--- Exercise input ---

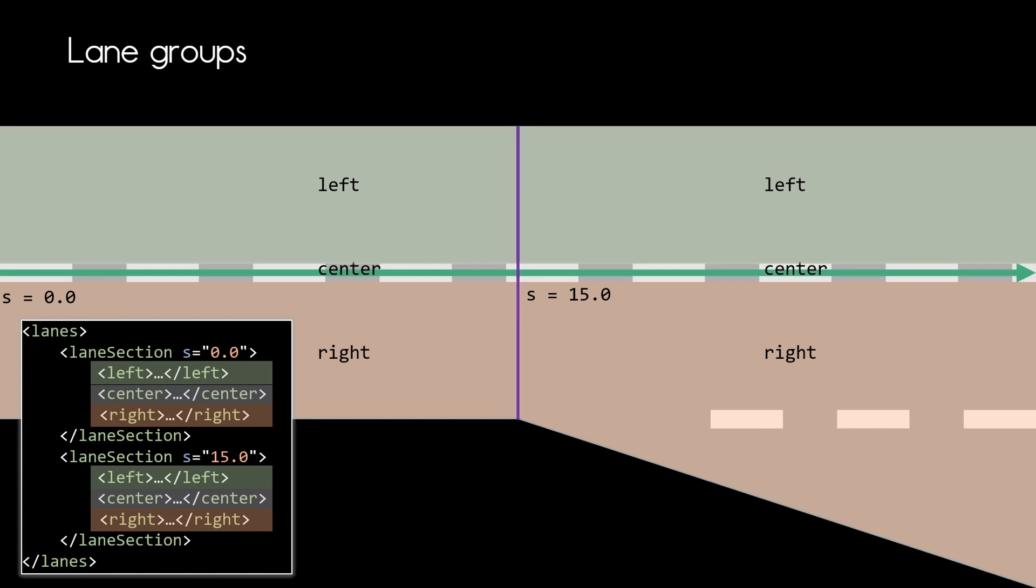The groups are defined according to the direction of the reference line. This means left or right according to the direction of that reference line. So in our case left on the top, right on the bottom.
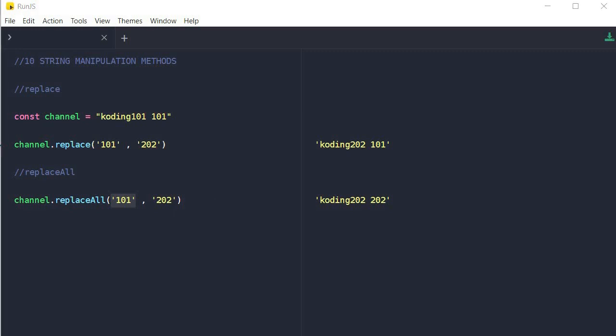Those are some of the most important string manipulation methods. There are plenty more out there, and I'm going to leave a link in the description box so you can check out additional popular string manipulation methods that can be really helpful to your programming life. Thank you so much for watching. Please make sure that you have subscribed to this channel, left a like on this video, and I will see you next time on Coding 101.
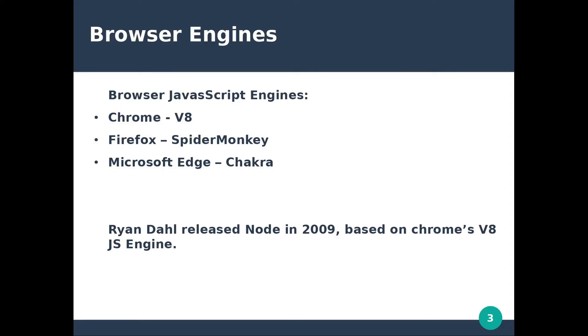Initially JavaScript was able to run only in the browsers. In 2009 Ryan Dahl imagined how it would be if we could execute JavaScript code outside of the browser. At that time the Chrome V8 engine was the fastest JavaScript engine available so he used it to create Node.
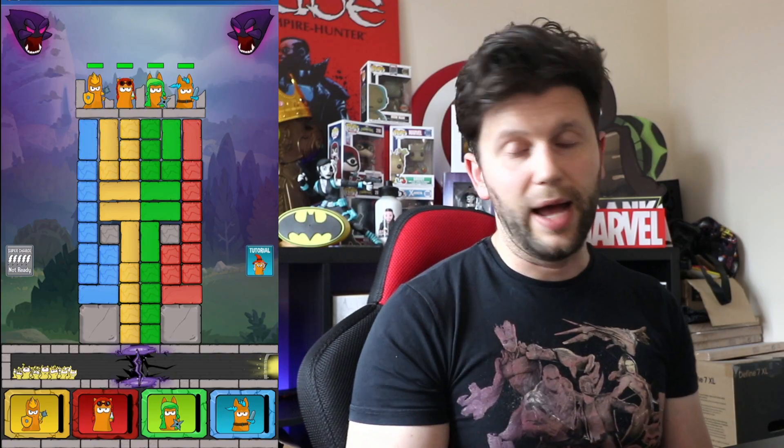Hello everybody, hope you're doing well. This video is a very special sponsored video for a mobile game called Rocky Tower Puzzle TD. What does TD mean? Well, it's tower defense. Of course it is. This is a very new twist on the genre, and thank you to the developers for sponsoring this particular video.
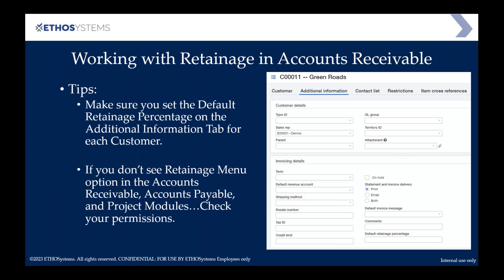Another tip: make sure that under your customer record — for example, my customer Green Roads — under the additional information tab in the very lower right-hand corner under invoicing details, there's a default retainage percentage. Make sure that's filled in. It helps prevent error messages like forgetting there's retainage on a contract. If you have a large number of customers and want to bulk update that, you can export your customer list, put the retainage percentages in Excel, and bring back just that information. There are ways of bulk updating.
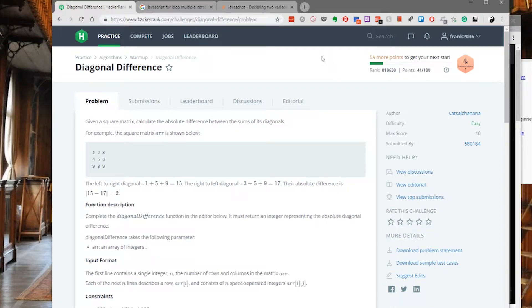Hello YouTube, this is Frank from Heavy Coder, and today in this video I would like to talk to you about how to solve the diagonal difference algorithm problem on hackerrank.com using JavaScript. First of all, let's go and take a look at the question.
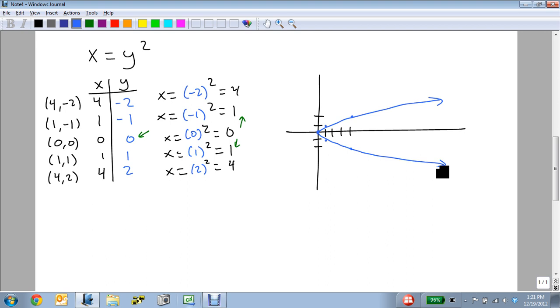Remember, the key point of point plotting is you get to pick the values for one variable to solve for the other. The other key point is that you can always use point plotting no matter what your equation looks like, and it will help you find the points that you're looking for.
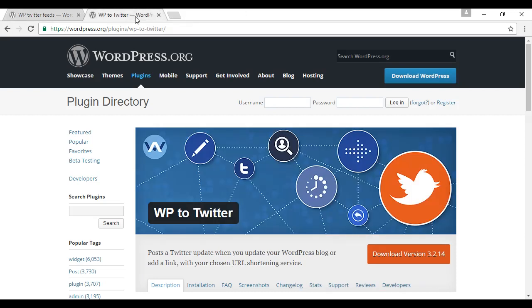For the latter, you can use the WP to Twitter plugin, which will send a tweet to your followers to let them know that you've just made a new blog post. And both of these plugins can be installed from within the WordPress dashboard, and they're both free.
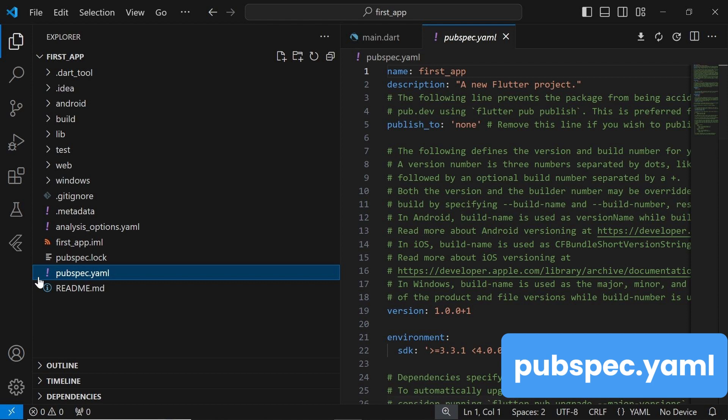The pubspec.yaml file is a yaml file that follows a specific syntax and structure defined by the Dart and Flutter ecosystems.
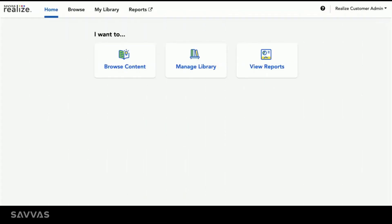Once you've logged in, you'll see three options, including the option to browse Realize content. This is where you'll find the assessments to customize and share with your teachers.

---

Exercise details =
Could you output exactly the lines above, from the line with "Hello YouTube, this" up to and including the line with "Remember, the key", and nothing else, skipping the pictures?

Solved exercise =
Hello YouTube, this is Frank from Heavy Coder, and today in this video I would like to talk to you about how to solve the diagonal difference algorithm problem on hackerrank.com using JavaScript. First of all, let's go and take a look at the question.
Remember, the key point of point plotting is you get to pick the values for one variable to solve for the other. The other key point is that you can always use point plotting no matter what your equation looks like, and it will help you find the points that you're looking for.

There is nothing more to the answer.